About 40,000 militants and their families are expected to leave Douma, the pro-government Watan newspaper reported.

Smoke rises from eastern Ghouta in Damascus, Syria March 10, 2018.  (photo credit: SANA/HANDOUT VIA REUTERS)
Smoke rises from eastern Ghouta in Damascus, Syria March 10, 2018.
(photo credit: SANA/HANDOUT VIA REUTERS)
BEIRUT - Dozens of buses arrived in rebel-held northwestern Syria on Tuesday carrying Syrian insurgents who agreed to surrender the town they controlled near Damascus after it was hit in a suspected chemical attack, a war monitor said on Tuesday.
Their evacuation, along with their families, came as the United Nations Security Council prepared to meet later on Tuesday to discuss the suspected poison gas attack on Douma over the weekend.
Rebels accused the government, which denies any involvement, and US President Donald Trump pledged to take swift action.
The UN chemical weapons watchdog has started an investigation. The Syrian government's main ally, Russia, said the reports of the chemical attack are bogus.
About 40,000 militants and their families are expected to leave Douma, the pro-government Watan newspaper reported.
The deal restores President Bashar Assad's control over the entire eastern Ghouta - formerly the biggest rebel bastion near Damascus.

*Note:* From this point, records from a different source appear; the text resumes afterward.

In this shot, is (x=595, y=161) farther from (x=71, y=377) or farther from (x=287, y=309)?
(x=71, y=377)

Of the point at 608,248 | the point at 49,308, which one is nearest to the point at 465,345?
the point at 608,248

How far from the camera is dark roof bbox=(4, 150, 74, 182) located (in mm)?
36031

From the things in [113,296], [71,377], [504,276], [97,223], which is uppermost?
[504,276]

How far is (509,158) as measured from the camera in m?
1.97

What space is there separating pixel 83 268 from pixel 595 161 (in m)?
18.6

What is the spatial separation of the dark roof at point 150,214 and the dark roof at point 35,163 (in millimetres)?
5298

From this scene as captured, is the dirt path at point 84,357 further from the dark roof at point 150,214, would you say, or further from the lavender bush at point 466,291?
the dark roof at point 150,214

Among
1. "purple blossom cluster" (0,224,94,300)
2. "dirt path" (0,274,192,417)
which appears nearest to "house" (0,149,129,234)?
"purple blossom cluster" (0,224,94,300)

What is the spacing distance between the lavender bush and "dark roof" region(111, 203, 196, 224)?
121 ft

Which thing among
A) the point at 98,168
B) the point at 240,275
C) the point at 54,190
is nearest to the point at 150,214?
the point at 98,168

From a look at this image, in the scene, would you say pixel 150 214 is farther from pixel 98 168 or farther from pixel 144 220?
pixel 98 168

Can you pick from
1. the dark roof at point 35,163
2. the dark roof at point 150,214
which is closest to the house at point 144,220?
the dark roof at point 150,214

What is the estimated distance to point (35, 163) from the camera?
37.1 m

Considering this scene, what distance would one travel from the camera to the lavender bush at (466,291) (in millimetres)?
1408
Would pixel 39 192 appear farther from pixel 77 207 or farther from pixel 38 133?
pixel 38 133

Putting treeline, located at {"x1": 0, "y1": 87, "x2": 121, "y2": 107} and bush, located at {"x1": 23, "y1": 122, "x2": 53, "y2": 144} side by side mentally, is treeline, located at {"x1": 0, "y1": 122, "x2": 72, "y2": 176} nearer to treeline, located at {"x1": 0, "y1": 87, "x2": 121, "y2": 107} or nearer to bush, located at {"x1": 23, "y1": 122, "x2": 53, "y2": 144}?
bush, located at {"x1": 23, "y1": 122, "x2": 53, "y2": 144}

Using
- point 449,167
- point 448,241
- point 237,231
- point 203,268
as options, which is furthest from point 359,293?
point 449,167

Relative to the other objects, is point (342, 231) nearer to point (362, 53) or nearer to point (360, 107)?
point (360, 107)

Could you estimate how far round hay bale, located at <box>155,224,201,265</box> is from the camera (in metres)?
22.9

Sixty-seven buses carrying hundreds of fighters, along with family members and other civilians who did not wish to come back under Assad's rule, reached opposition areas near Aleppo on Tuesday, the Syrian Observatory for Human Rights said.
RIA news agency quoted Russia's Defense Ministry as saying 3,600 militants and their families had left Douma over the past 24 hours. As part of the surrender deal, the Jaish al-Islam group, which controlled the town, released scores of people it had been holding.

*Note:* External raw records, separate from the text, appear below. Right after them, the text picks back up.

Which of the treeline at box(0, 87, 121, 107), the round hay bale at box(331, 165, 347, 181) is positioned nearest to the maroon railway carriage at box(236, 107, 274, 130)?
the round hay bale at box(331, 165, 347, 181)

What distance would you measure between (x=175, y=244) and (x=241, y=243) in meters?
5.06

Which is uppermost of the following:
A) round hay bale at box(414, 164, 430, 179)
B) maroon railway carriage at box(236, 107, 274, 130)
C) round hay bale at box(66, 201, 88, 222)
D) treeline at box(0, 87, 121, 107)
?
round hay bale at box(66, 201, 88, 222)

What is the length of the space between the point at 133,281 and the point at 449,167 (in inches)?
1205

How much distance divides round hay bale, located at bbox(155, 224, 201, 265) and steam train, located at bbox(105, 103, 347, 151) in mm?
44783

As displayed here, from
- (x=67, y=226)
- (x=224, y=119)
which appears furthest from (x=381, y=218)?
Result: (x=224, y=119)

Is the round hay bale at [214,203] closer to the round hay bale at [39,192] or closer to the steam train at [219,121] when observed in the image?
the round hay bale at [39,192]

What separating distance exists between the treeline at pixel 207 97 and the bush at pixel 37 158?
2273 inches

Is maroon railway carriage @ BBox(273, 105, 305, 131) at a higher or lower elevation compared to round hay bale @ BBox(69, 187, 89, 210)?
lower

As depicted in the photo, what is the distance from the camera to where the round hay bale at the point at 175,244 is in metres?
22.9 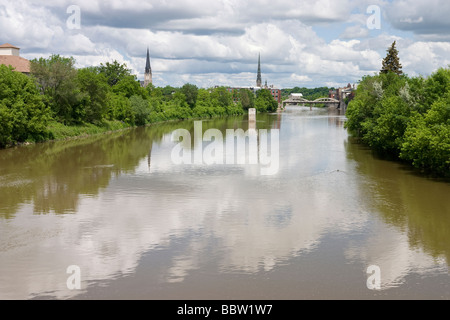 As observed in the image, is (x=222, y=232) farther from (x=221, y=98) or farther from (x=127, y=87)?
(x=221, y=98)

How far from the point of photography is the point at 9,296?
14.8 meters

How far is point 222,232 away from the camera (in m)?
21.2

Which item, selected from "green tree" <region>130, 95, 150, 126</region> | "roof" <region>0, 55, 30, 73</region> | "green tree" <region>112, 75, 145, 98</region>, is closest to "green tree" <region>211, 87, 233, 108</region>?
"green tree" <region>112, 75, 145, 98</region>

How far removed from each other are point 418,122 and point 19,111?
36.3 meters

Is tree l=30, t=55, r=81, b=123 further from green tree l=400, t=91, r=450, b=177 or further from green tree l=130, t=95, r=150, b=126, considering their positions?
green tree l=400, t=91, r=450, b=177

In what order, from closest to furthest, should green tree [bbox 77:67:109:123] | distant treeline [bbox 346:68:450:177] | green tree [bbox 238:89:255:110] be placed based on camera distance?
distant treeline [bbox 346:68:450:177]
green tree [bbox 77:67:109:123]
green tree [bbox 238:89:255:110]

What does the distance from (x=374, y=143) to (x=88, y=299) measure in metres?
37.5

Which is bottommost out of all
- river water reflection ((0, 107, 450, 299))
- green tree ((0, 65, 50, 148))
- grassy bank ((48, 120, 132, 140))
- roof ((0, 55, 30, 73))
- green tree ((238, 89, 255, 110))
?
river water reflection ((0, 107, 450, 299))

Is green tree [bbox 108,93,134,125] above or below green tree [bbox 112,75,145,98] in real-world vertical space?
below

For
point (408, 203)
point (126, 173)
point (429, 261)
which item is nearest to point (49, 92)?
point (126, 173)

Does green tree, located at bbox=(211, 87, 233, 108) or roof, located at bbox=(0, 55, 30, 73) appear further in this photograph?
green tree, located at bbox=(211, 87, 233, 108)

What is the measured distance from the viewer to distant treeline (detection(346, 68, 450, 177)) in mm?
30853

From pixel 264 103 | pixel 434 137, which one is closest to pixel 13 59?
pixel 434 137

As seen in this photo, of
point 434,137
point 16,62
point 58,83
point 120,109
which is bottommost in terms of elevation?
point 434,137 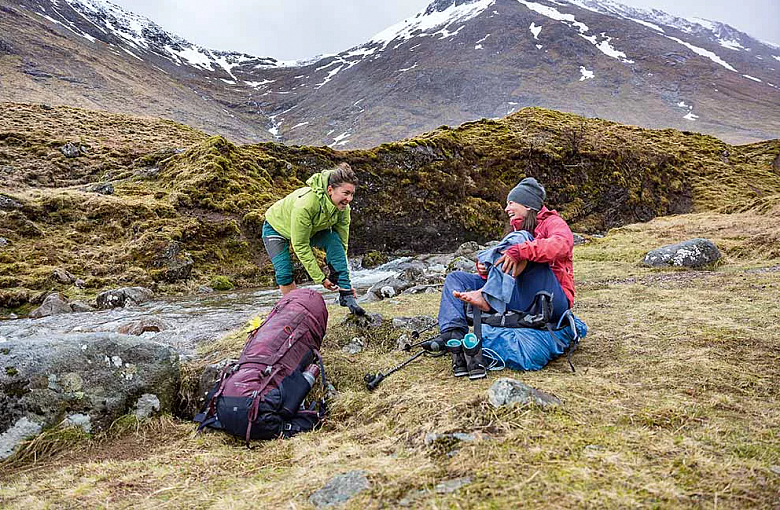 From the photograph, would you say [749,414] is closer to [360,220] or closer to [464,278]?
[464,278]

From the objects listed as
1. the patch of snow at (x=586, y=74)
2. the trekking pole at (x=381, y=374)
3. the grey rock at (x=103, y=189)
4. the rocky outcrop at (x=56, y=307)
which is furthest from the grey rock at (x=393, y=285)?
the patch of snow at (x=586, y=74)

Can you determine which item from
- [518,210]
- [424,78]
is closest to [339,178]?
[518,210]

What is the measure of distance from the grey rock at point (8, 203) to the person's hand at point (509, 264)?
1876 centimetres

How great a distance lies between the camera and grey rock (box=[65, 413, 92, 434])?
3664mm

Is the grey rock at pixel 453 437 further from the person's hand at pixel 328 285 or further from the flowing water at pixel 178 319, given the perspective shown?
the flowing water at pixel 178 319

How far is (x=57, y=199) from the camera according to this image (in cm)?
1634

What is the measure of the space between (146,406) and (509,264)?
389 cm

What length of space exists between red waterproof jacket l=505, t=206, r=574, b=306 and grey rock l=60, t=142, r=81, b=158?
31870mm

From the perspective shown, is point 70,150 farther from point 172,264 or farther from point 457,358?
point 457,358

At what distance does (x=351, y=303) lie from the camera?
6.43 metres

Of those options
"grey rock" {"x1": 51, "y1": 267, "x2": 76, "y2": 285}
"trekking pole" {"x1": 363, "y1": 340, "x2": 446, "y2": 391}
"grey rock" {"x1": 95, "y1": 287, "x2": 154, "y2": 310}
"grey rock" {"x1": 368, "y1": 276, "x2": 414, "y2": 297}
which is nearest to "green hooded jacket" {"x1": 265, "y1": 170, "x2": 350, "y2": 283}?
"trekking pole" {"x1": 363, "y1": 340, "x2": 446, "y2": 391}

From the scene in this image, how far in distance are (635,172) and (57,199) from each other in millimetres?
34074

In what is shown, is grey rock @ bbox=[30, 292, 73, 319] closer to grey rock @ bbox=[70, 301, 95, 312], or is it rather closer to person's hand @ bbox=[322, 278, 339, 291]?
grey rock @ bbox=[70, 301, 95, 312]

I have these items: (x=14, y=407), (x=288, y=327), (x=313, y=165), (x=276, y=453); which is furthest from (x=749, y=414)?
(x=313, y=165)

The deal took effect on Sunday, hours after medical aid groups reported the suspected chemical attack, saying it had killed dozens of people in the town the day after the government renewed its intense bombardment.
Jaish al-Islam's departure will bring to an end the opposition presence in eastern Ghouta after a seven-week military offensive against the densely populated area.
Thousands of fighters from other rebel groups, accompanied by tens of thousands of civilians, have already left for northwestern Syria after surrender deals for the Ghouta's other major towns.
It represents Assad's biggest battlefield victory over rebels since late 2016 when he fully recaptured Aleppo, and underlines his unassailable position in the war.
Western countries have said Assad's assault on eastern Ghouta was a violation of a Security Council resolution calling for a complete ceasefire across Syria.
Damascus and Moscow said the groups controlling the area were not covered by the truce, and the offensive was needed to end the control of Islamist insurgents over the area's large civilian population and to stop mortar attacks on the capital.